FROM the time when we were very little boys we were always interested in military preparedness. My father believed very strongly in the necessity of each boy being able and willing not only to look out for himself but to look out for those near and dear to him. This gospel was preached to us all from the time we were very, very small. A story, told in the family of an incident which happened long before I can remember, illustrated this. Father told me one day always to be willing to fight anyone who insulted me. Shortly after this wails of grief arose from the nursery. Mother ran upstairs and found my little brother Kermit howling in a corner. When she demanded an explanation I told her that he had insulted me by taking away some of my blocks, so I had hit him on the head with a mechanical rabbit.
Our little boy fights were discussed in detail with father. Although he insisted on the willingness to fight, he was the first to object to and punish anything that resembled bullying. We always told him everything, as we knew he would give us a real and sympathetic interest.
Funny incidents of these early combats stick in my mind. One day one of my brothers came home from school very proud. He said he had had a fight with a boy. When asked how the fight resulted he said he had won by kicking the boy in the windpipe. Further investigation developed the fact that the windpipe was the pit of the stomach. My brother felt that it must be the windpipe, because when you kicked someone there he lost his breath. I can remember father to this day explaining that no matter how effective this method of attack was it was not considered sportsmanlike to kick.
Father and mother believed in robust righteousness. In the stories and poems that they read us they always bore this in mind. Pilgrim's Progress and The Battle Hymn of the Republic we knew when we were very young. When father was dressing for dinner he used to teach us poetry. I can remember memorizing all the most stirring parts of Longfellow's Saga of King Olaf, Sheridan's Ride, and the Sinking of the Cumberland. The gallant incidents in history were told us in such a way that we never forgot them. In Washington, when father was civil service commissioner, I often walked to the office with him. On the way down he would talk history to me—not the dry history of dates and charters, but the history where you yourself in your imagination could assume the rôle of the principal actors, as every well-constructed boy wishes to do when interested. During every battle we would stop and father would draw out the full plan in the dust in the gutter with the tip of his umbrella.
When very little we saw a great many men serving in both the army and navy. My father did not wish us to enter either of these services, because he felt that there was so much to be done from a civilian standpoint in this country. However, we were taught to regard the services, as the quaint phraseology of the Court Martial Manual puts it, as the "honorable profession of arms." We were constantly listening to discussions on military matters, and there was always at least one service rifle in the house.
We spent our summers at Oyster Bay. There, in addition to our family, were three other families of little Roosevelts. We were all taught out-of-door life. We spent our days riding and shooting, wandering through the woods, and playing out-of-door games.
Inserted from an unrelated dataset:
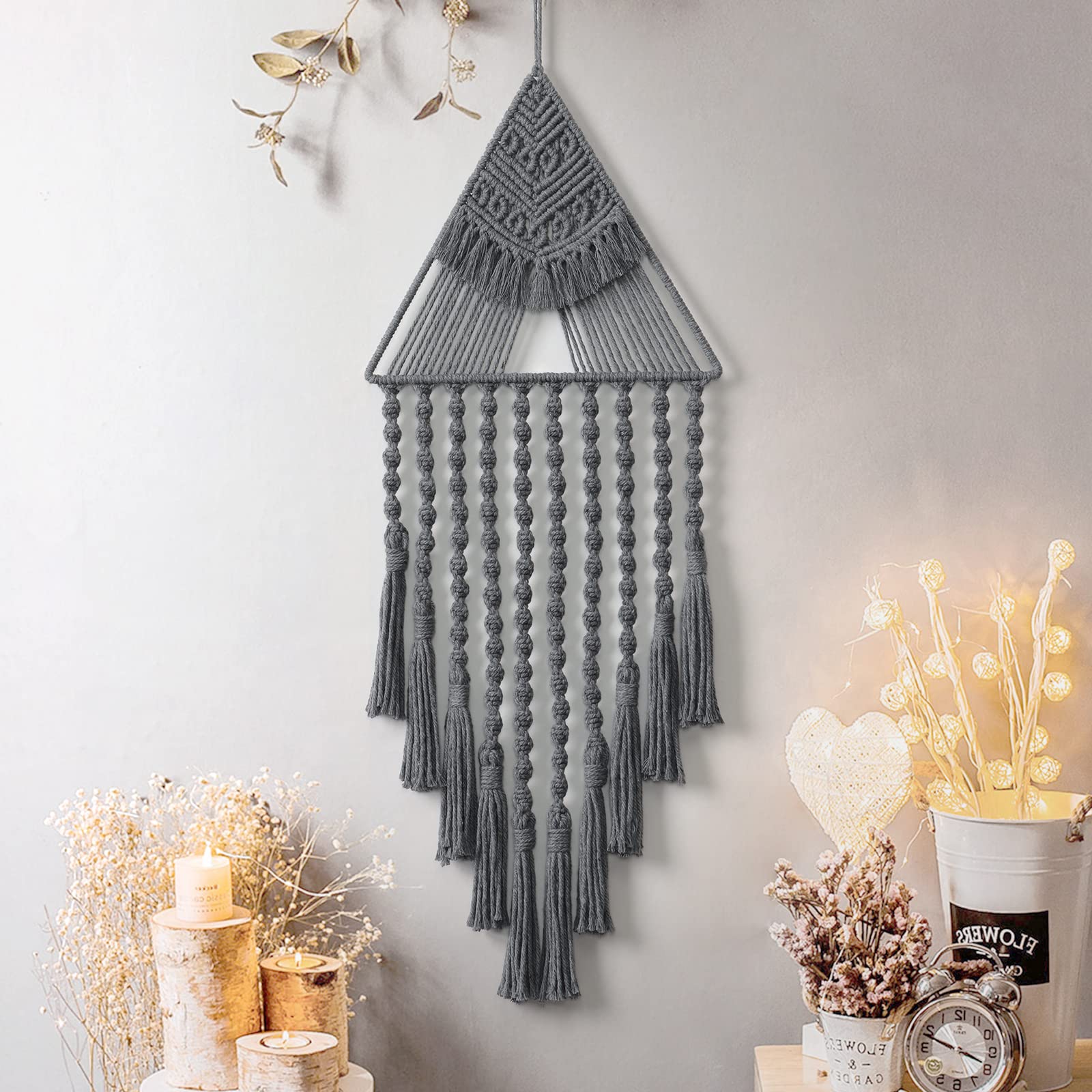 ASTNIC Tapiz de pared de macramé, atrapasueños geométrico, con borlas, atrapasueños tejido, boho, atrapasueños, decoración para el hogar, regalos, dormitorio, apartamento, 70 cm (gris)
Underlying all this was father's desire to have all of us children grow up manly and clean-minded, with not only the desire but the ability to play our part at the country's need.
Father himself was our companion whenever he could get away from his work. Many times he camped out with us on Lloyd's Neck, the only "grown-up" of the party. We always regarded him as a great asset at times like these. He could think up more delightful things to do than we could in a "month of Sundays." In the evening, when the bacon that sizzled in the frying-pan had been eaten, we gathered round the fire. The wind soughed through the marsh grass, the waves rippled against the shore, and father told us stories. Of the children who composed these picnics, two died in service in this war, two were wounded, and all but one volunteered, regardless of age, at the outbreak of hostilities.
When we were all still little tadpoles, father went to the war with Spain. We were too little, of course, to appreciate anything except the glamour. When he decided to go, almost all his friends and advisers told him he was making a mistake. Indeed, I think my mother was the only one who felt he was doing right. In talking it over afterward, when I had grown much older, father explained to me that in preaching self-defense and willingness to fight for a proper cause, he could not be effective if he refused to go when the opportunity came, and urged that "it was different" in his case. He often said, "Ted, I would much rather explain why I went to the war than why I did not."
At school and at college father encouraged us to take part in the games and sports. None of us were really good athletes—father himself was not—but we all put into it all we had. He was just as much interested in hearing what we had done on the second football team or class crew as if we had been varsity stars.
He always preached to us one maxim in particular: take all legitimate chances in your favor when going into a contest. He used to enforce this by telling us of a man with whom he had once been hunting. The man was naturally a better walker than father. Father selected his shoes with great care. The man did not. After the first few days father was always able to outwalk and outhunt him just on this account. Father always went over his equipment with the greatest care before going on a trip, and this sort of thoroughness was imbued in all his sons.